1) Seems 1 yr is the number. I called fishstone (who is very friendly and helpful btw) and they recommended 1 yr. It makes it tough for diyers who are just making small projects, but probably still cheaper than paying someone to do it. So, yes to all...poz and chems.

2) again, I would recommend fishstone. It sucks to have to mail order it, but they get it and will help to minimize the damage. 

3) I don't like dry ads. In my joe job, I flush chems, water and sand into the ground and dry ads are like the number one no-no. Batch mixing it isn't so bad. But, even when adding coloring one should mix the color into solution and then dose. It allows better control. The short answer is, the admix probably gets the job done, but having control over everything is best. 

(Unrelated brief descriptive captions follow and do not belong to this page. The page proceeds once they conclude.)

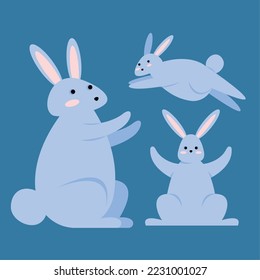 tres grupos de animales de conejo
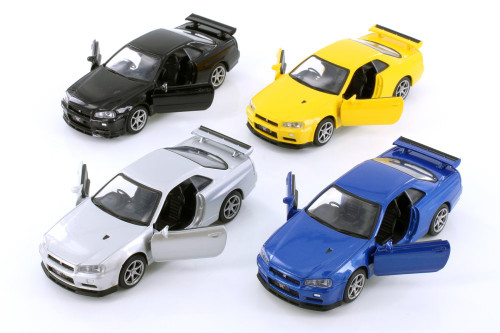  Nissan Skyline GT-R34 V Spec II Car Set Box of 12 1/36 Scale Diecast Model Cars, Assd Colors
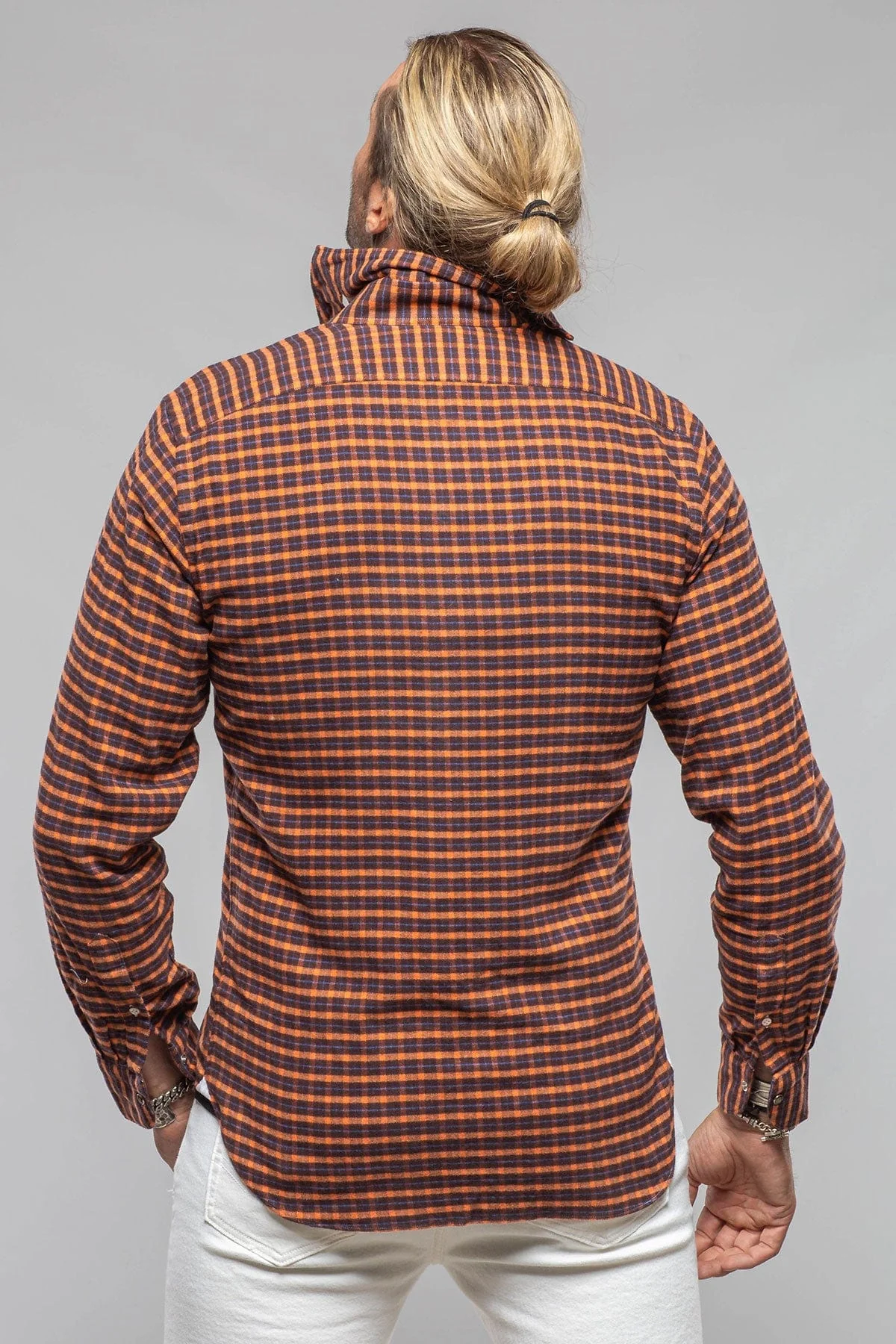Harmony Check Flannel Snap Shirt In Blue Orange - Image 5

4) Yes, I made my own sink mold from mdf and polyester resin. Depending on the shape, you may have to switch to polystyrene and epoxy. I found this article helpful. You can also buy sink molds from expressions. 

5) Last year I was buying northern white for around $0.03/lb. This year it's going for about $0.07/lb. In the sack is a lot more!


----------



## LanterDan

Thanks. That was the answer I was expecting on shelf life, but I'm still disappointed. Not only is there the expense of buying more than I need, but there is the hassle of disposing of it. 

I may do it anyway, or I may give the admix a try. Or I may stay with convention pre-cast I've done before. Or I may go corian. I keep going in circles.

I liked the mold article.


----------